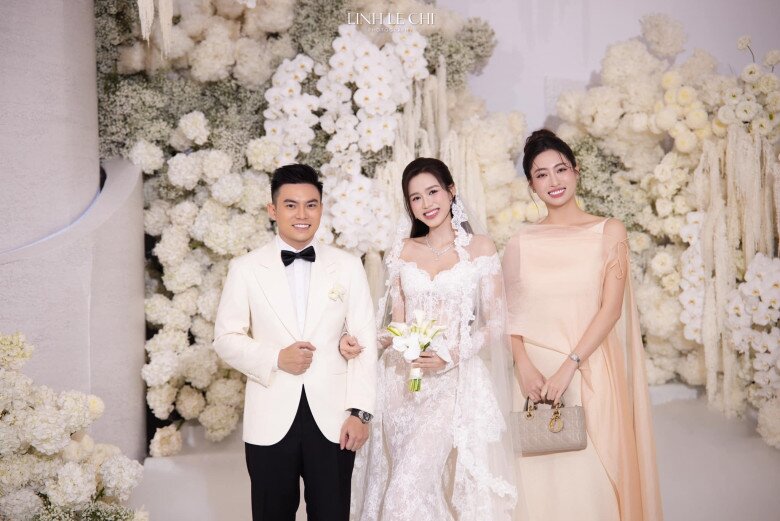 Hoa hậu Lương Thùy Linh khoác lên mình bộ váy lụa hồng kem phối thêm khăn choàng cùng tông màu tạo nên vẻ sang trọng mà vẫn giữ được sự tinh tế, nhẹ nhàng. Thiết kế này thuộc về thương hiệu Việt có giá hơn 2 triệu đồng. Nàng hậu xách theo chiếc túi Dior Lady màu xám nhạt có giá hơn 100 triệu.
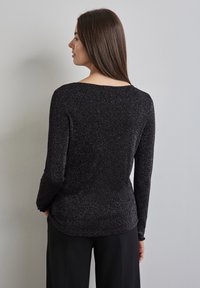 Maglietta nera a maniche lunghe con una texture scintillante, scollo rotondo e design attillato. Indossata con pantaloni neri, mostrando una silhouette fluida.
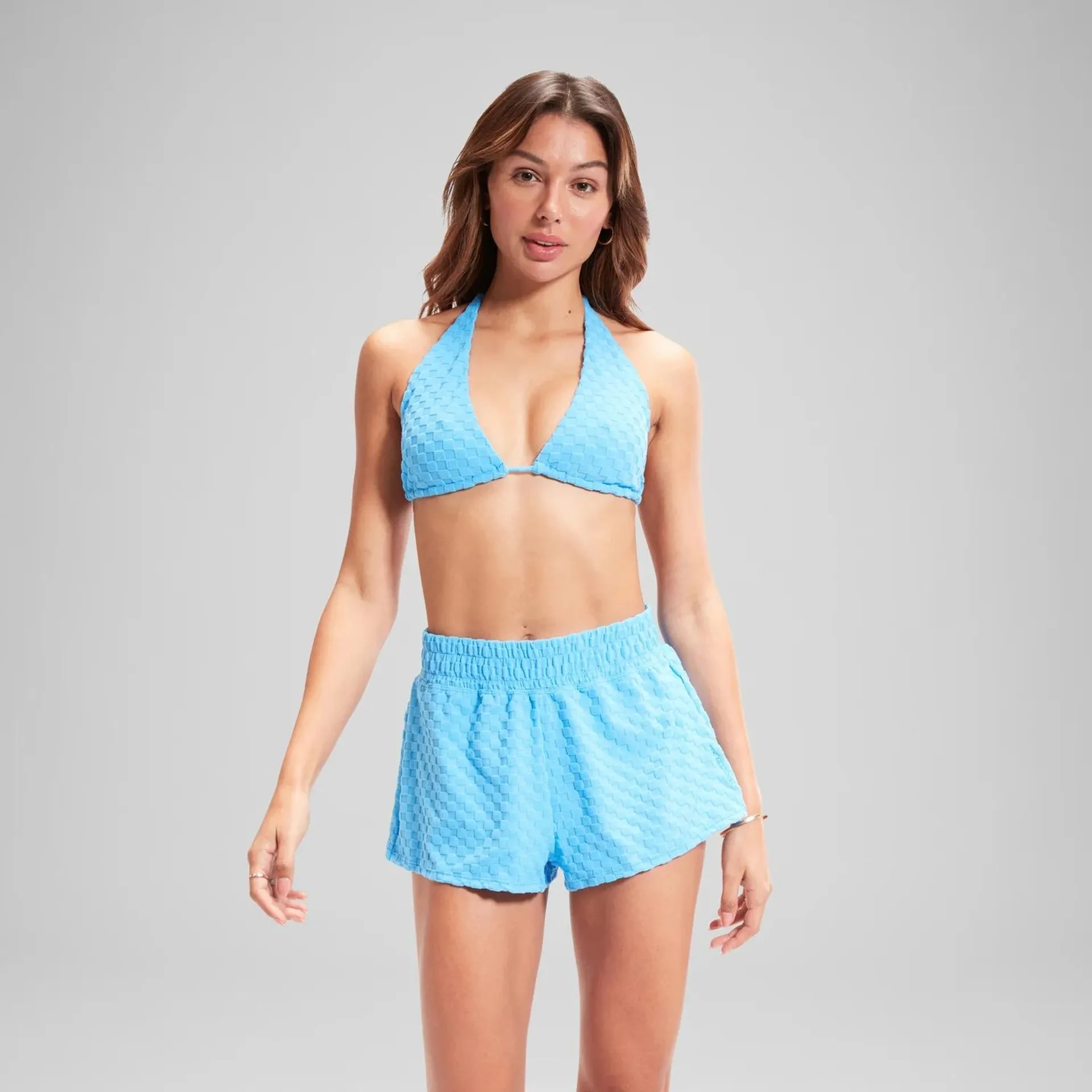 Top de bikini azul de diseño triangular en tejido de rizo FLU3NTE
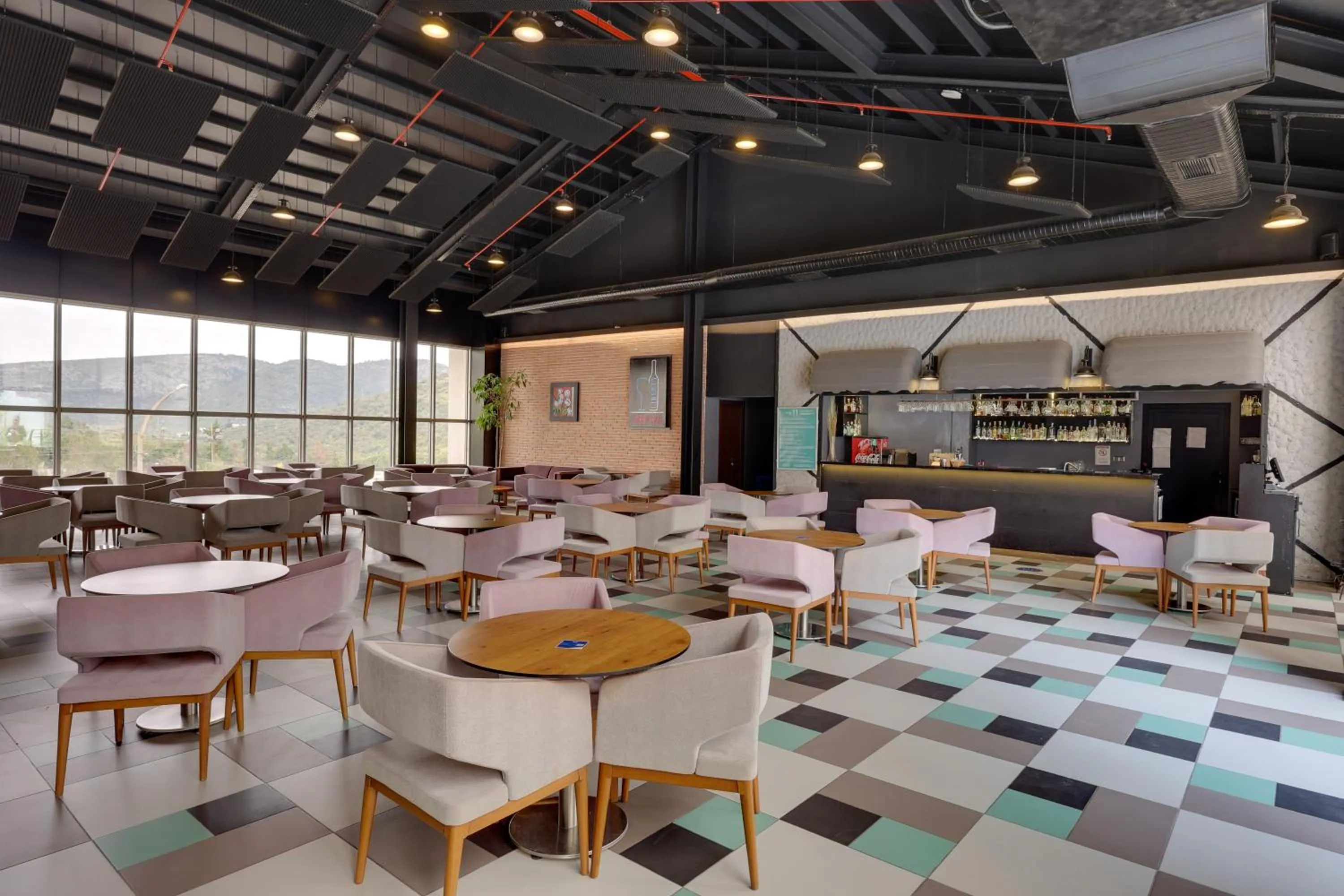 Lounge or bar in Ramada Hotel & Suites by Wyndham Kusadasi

* * *

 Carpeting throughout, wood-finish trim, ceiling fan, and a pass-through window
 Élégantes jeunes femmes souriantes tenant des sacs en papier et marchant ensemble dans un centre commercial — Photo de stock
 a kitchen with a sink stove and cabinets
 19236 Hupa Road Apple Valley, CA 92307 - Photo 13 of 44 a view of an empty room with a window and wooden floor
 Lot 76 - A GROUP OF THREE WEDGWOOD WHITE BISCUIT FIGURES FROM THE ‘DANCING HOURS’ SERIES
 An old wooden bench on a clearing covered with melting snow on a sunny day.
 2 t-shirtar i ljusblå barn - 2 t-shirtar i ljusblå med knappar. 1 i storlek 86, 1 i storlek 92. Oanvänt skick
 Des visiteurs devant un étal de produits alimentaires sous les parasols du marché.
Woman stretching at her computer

==

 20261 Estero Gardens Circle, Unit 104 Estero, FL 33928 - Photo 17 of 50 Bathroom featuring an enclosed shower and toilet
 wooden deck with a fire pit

What is expected: Among the entries above, find the line with "An old wooden" and the line with "Woman stretching at her computer"; give again exactly these two lines and all lines between them.

Task output:
 An old wooden bench on a clearing covered with melting snow on a sunny day.
 2 t-shirtar i ljusblå barn - 2 t-shirtar i ljusblå med knappar. 1 i storlek 86, 1 i storlek 92. Oanvänt skick
 Des visiteurs devant un étal de produits alimentaires sous les parasols du marché.
Woman stretching at her computer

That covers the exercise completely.